I'm a beginner in Machine Learning.
I've been learning about YOLO and DarkFlow from the following links with Ubuntu 20.04: darkflow and Tiny YOLO.
I successfully executed the code, and got the results like this:
Statistics:
car: 436
person: 73
Dataset size: 2599
Dataset of 2599 instance(s)
Training statistics:
Learning rate : 1e-05
Batch size : 16
Epoch number : 1000
Backup every : 2000
It's not bad, but the training's taking way too much time.
But I wanna know if there is any powerful IDE or other tools that can help me reduce time.
I searched in google and tried to find many ways to improve.
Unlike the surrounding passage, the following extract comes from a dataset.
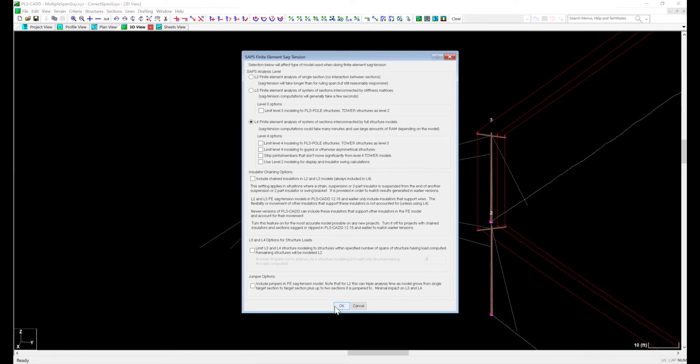In a typical structure check, PLS CAD opens PLS Pole in the background and performs a structure check. In this example, we are checking two structures and using the interaction with the conductors in PLS CAD to determine the structural capacity. I'll leave everything else unchecked. Appendix N of the PLS CAD manual covers L4 analysis and how it works. Powerline Systems also has a video on using FE analysis, which is linked in the description below.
I heard that there are many ways to make training faster,(including Azure AI ML service) but since I'm a beginner, I cannot decide which will be the perfect choice to run YOLO and DarkFlow.
I would appreciate advices about robust development environments, especially the ones that would be suitable in my current specific condition.
Thanks in advance!
++) Since I'm a mere sophomore, the level of the hardware that I can use is very limited. I would also appreciate tools that can help me overcome the limitations of my hardware!
The IDE usually won't decrease computing time, but is rather based around the compiler. Likely, you'll just have to deal with intensive training times if you can't get better hardware. However, you might look into using a gpu to do computations(if you have one) rather than the standard way it runs on the cpu. Here's a link as to how to achieve this in Tensorflow: https://stackoverflow.com/a/51307381/14392018 . The general rule is the more data and the more complex the ML/DL model(i.e. the more layers in a neural network), the longer it takes to compute 1 epoch on the dataset. Also, the more data you're working with, the higher the computational intensity.